-- Description of the task --
Reproduce all the records word for word. Omit images.

Source data
┏━━

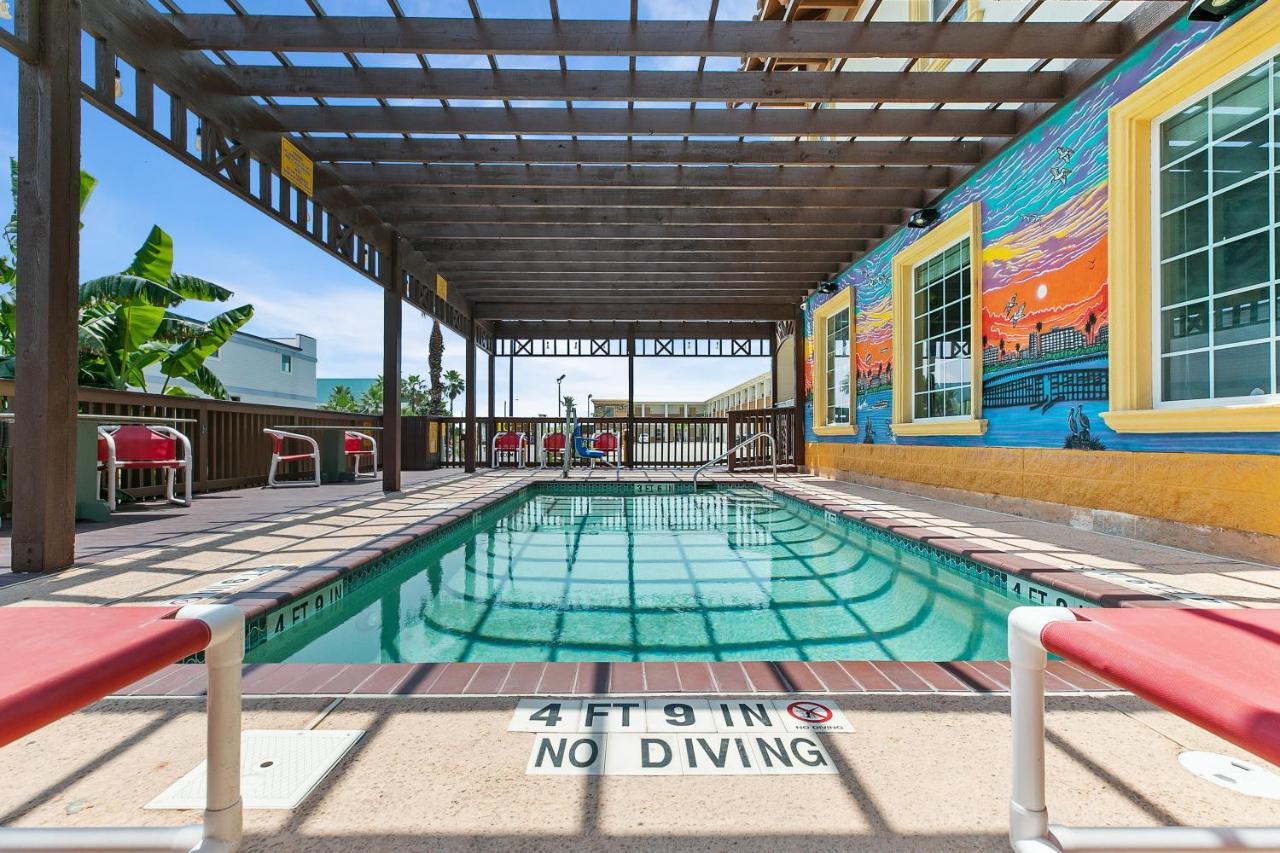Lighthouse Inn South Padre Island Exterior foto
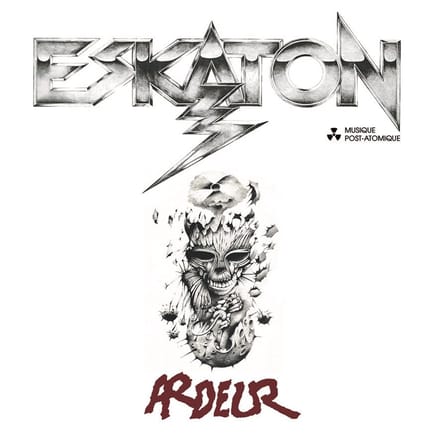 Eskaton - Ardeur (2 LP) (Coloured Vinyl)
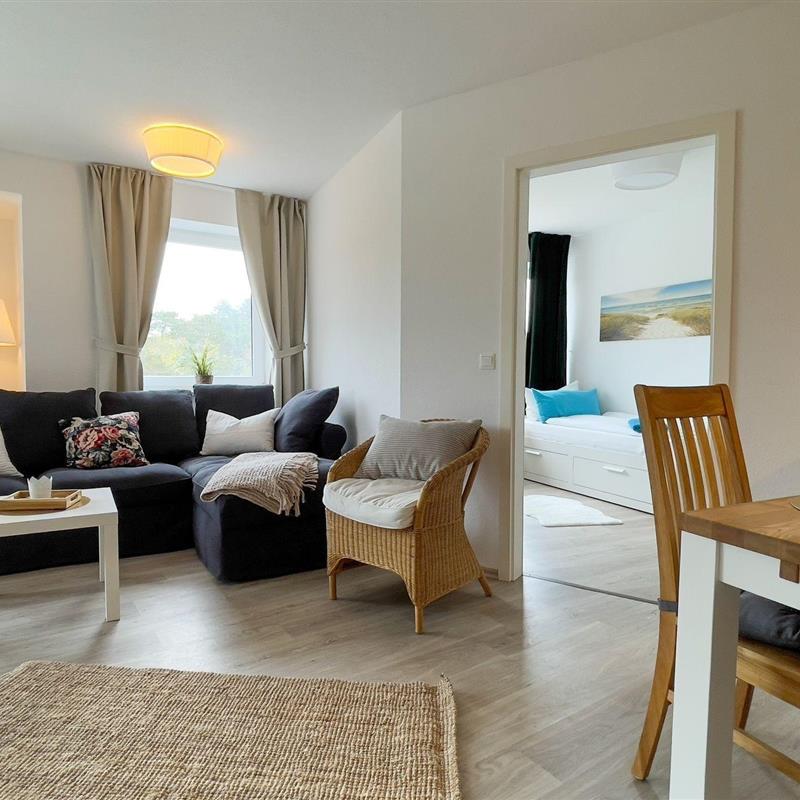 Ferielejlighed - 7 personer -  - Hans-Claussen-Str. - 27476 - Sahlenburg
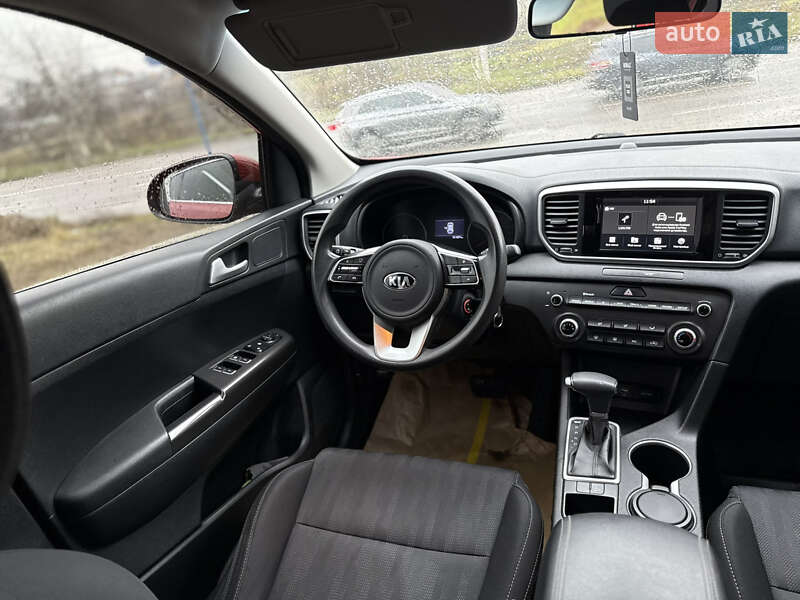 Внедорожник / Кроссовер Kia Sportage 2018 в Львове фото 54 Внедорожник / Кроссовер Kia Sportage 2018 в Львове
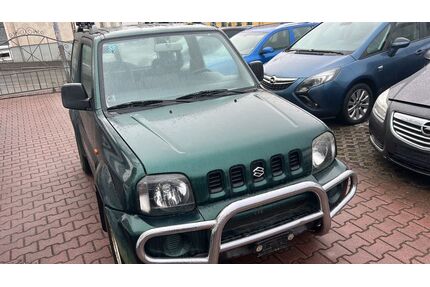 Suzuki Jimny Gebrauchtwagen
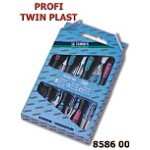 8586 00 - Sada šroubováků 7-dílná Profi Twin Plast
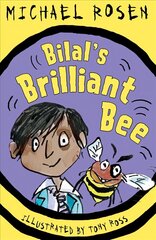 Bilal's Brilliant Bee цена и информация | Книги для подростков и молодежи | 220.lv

┗━━

-- Your response --
Lighthouse Inn South Padre Island Exterior foto
 Eskaton - Ardeur (2 LP) (Coloured Vinyl)
 Ferielejlighed - 7 personer -  - Hans-Claussen-Str. - 27476 - Sahlenburg
 Внедорожник / Кроссовер Kia Sportage 2018 в Львове фото 54 Внедорожник / Кроссовер Kia Sportage 2018 в Львове
 Suzuki Jimny Gebrauchtwagen
 8586 00 - Sada šroubováků 7-dílná Profi Twin Plast
 Bilal's Brilliant Bee цена и информация | Книги для подростков и молодежи | 220.lv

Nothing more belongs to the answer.